The blue waters of this spectacular river and the presence of glittering coat of a shy and elusive Corbett tiger trespassing the divine landscape always made me skip a few heartbeats. Years passed by and then emerged a tigress from this river as a goddess and with the attitude of a bold mermaid who loved the rich blues of the Ramganga. She became a showstopper and for the first time Corbett was known because of a tiger called Paro. Having followed the stories of various tiger families across tiger habitats of India I always waited for an opportunity to observe a tiger family that ruled the rivers of Corbett. I anxiously waited for her future generations as I was curious to see a river denizen raising her young in the dramatic yet challenging terrain.
Over the past many years I followed various tiger families in various tiger habitats of India. As Paro walked out with her tiny borns dangling in her mouth last summer, I was geared to document a special story I had been waiting to work on for over a decade. A perfect character and the perfect family in some grand backdrops. The monsoons swept away half of her motherly aspirations and she was left with one male cub – the chosen one.

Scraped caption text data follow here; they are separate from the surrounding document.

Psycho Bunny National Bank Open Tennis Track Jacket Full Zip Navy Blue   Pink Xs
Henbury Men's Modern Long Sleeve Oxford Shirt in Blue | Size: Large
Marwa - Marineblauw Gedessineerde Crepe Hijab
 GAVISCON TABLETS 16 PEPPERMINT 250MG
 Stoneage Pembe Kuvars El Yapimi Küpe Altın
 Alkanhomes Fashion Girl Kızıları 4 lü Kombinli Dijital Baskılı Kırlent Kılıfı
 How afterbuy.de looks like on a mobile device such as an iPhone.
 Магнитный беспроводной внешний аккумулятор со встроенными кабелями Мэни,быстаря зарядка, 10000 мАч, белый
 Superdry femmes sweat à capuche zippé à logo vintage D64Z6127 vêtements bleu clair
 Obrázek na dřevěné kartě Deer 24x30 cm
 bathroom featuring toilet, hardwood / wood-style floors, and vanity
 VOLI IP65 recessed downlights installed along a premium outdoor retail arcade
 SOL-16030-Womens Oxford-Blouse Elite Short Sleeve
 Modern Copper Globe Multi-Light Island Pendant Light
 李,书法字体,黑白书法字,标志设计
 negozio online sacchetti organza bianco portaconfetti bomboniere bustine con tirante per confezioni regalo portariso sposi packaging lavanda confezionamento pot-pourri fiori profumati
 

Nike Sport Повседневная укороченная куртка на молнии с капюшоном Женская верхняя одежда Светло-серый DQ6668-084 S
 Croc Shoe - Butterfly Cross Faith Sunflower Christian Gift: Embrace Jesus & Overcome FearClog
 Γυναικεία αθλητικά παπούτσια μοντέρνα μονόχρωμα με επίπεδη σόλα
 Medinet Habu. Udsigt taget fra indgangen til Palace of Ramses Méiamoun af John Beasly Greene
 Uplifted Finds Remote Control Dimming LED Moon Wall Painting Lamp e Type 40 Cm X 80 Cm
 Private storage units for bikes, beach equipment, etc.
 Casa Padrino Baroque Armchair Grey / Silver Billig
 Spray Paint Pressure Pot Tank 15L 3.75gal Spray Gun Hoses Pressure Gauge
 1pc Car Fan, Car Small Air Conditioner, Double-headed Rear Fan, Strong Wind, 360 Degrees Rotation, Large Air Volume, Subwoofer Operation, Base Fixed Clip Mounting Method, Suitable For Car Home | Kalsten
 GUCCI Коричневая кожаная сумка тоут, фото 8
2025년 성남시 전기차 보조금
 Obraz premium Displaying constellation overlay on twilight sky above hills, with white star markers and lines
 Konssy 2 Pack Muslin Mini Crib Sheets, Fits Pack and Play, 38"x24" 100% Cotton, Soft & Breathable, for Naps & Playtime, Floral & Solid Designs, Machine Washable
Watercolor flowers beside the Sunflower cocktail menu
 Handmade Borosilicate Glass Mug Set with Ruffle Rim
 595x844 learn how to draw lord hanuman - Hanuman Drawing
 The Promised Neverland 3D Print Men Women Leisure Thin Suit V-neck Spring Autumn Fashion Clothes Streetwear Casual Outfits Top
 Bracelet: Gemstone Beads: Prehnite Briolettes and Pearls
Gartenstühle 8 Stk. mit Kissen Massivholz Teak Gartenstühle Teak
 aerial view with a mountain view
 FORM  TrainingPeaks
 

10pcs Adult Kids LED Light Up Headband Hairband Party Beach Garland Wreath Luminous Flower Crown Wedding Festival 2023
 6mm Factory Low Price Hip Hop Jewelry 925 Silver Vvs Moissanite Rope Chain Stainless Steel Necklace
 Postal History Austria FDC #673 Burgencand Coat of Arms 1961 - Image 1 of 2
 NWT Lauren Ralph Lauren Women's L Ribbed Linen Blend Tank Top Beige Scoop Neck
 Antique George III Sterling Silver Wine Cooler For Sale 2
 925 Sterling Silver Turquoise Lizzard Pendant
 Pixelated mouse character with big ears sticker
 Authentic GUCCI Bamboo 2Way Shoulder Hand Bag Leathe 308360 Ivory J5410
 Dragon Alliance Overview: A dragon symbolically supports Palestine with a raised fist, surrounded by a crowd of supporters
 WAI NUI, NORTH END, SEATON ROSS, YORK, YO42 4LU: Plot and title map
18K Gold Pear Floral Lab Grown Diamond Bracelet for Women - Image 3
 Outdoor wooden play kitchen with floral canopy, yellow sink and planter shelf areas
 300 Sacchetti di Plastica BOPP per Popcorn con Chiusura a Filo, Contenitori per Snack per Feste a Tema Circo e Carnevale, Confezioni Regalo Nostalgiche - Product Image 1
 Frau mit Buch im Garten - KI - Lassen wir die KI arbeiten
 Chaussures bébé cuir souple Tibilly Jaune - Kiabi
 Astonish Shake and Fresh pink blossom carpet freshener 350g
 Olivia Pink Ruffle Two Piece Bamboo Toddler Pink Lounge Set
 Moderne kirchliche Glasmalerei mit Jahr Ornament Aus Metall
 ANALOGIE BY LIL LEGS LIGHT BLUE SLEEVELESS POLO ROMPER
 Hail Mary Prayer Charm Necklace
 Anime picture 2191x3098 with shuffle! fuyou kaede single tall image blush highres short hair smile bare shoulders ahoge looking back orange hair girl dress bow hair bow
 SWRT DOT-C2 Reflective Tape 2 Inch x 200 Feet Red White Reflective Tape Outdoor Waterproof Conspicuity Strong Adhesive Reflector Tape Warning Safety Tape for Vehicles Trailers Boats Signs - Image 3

A little prince did not hesitate to take the first bold steps in a river rubbing shoulders with her mother. His antics made him a heartthrob as he braved the winters, climbed tree stumps and exhaled breaths of gold in the misty golden mornings of the Ramganga. He was always a little slow in catching up with her mother. But eventually he did make it every time.
However the night of May 27th was tough for our entire team as we knew the young prince had strayed a little too far and he was in danger. It was a night when a grieving mother battled an intruder and her cries echoed in the vast grasslands she owns. It was a night where we waited every minute for the sun to throw the slightest of light on a small water puddle which was the last refuge for a Prince who dreamt of ruling the river.
RIP “The Little Prince of Par” …
Your tales will be embedded in the soul of the rivers which have been your playground in the past one year. I pray for your the future generations of stripes who will continue to rule the rivers like you aspired to in the years to come.